Öykü, "hikâye" anlatıyordu, kopmuştum ondan. 

Yanımdaki adamların sayısı, kitapçıların o tenha zamanında tesadüfen çoğaldı gibi geldi bana. Malum, 'iş tutuyorduk', seyircisi çok olacaktı... Bu saatlerdeki olağan raf sessizliğini ayak sürümeleriyle bozduklarında kendime geldim. 

Anılarımın "metres"i öykünün üstünü örttüm, yerine koydum,
'iş'ini bitirmiş, boşlukta gezinen ama uçtuğunu zanneden adamın umarsızca fermuar çekişine tişörtümü düzelten ellerim uydu, 
kasiyere mahcup bir bakış fırlatarak çantamı omzuma asıp çıktım... 

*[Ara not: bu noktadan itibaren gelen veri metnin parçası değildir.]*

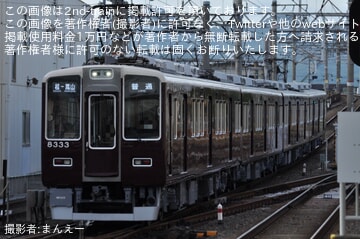 【阪急】8300系8333Fが嵐山線で営業運転を確認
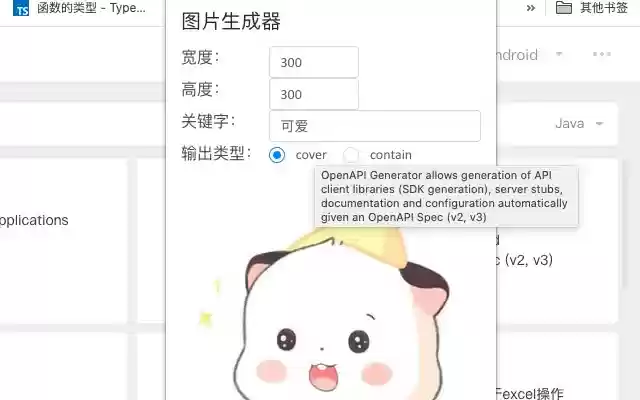 imgmaker from Chrome web store to be run with OffiDocs Chromium online imgmaker from Chrome web store to be run with OffiDocs Chromium online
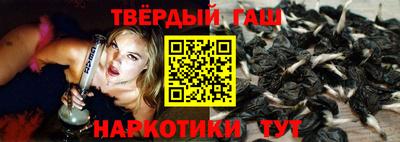MESCALINE Белорецк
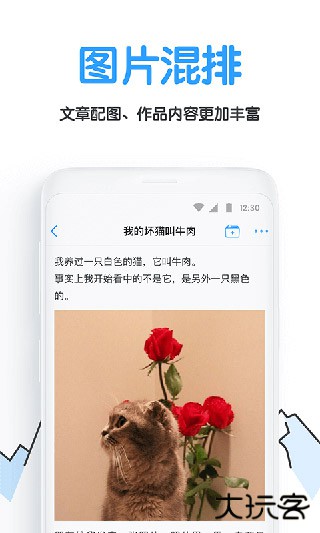 白熊阅读免费下载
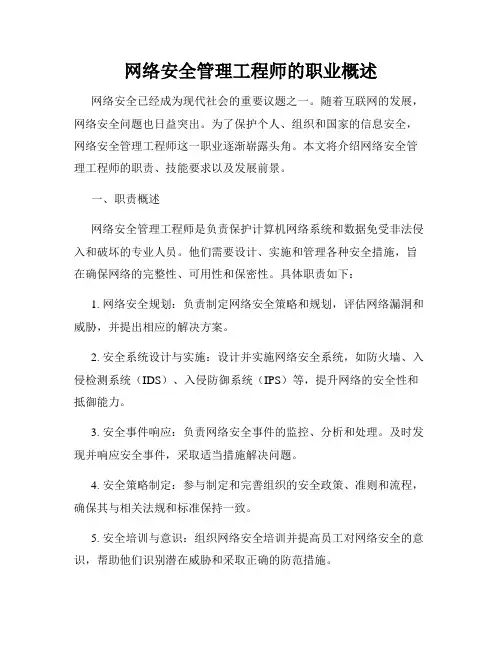 网络安全管理工程师的职业概述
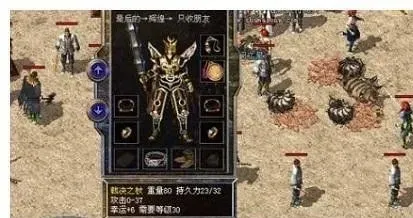 和平精英|热血传奇：35级才能装备的逍遥扇，有着这样的一个传说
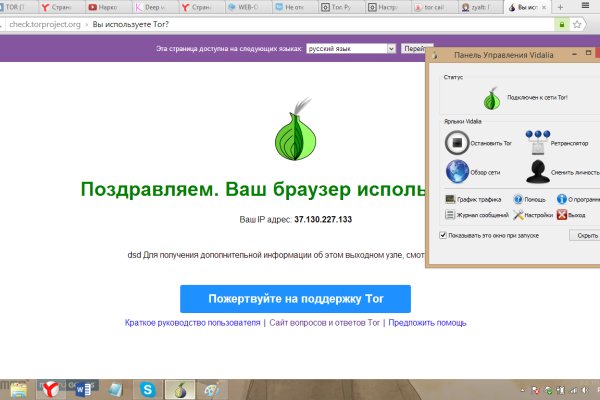 Забыл пароль от кракен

Uzun bi aradan sonra ilk kez çıplaklıktan utandığımı hissettim. 
Kerhanedeyim sandığım için mekândan özür diledim... 
Ama suç anılarda; depreşmeselerdi... Ben mi onlara "kudurun!" dedim?

14 Eylül 2009


-Arka kapaktan-

Murathan Mungan'ın yaşama dair derin ve incelikli gözlemlerle zenginleştirdiği bu öyküler, kadınlar hakkında, erkekler hakkında, ilişkilerin gerilimi hakkında, ebeveynler hakkında, zamanın geçiciliği ve bazen de "oturup kalması" hakkında, tesadüfler hakkında, kısacası hayat hakkında...

"Eldivenler, hikâyeler" on öyküden oluşuyor:
Eldivenler, Ansızın her şey, Kaset, Yaz gibisi var mı? Kötü adamla kötü kadının aşkı üzerine küçük bir film, Krepen'in duvarı, Islık, Çarpışma, Tabut ve Geçici kesinlikler.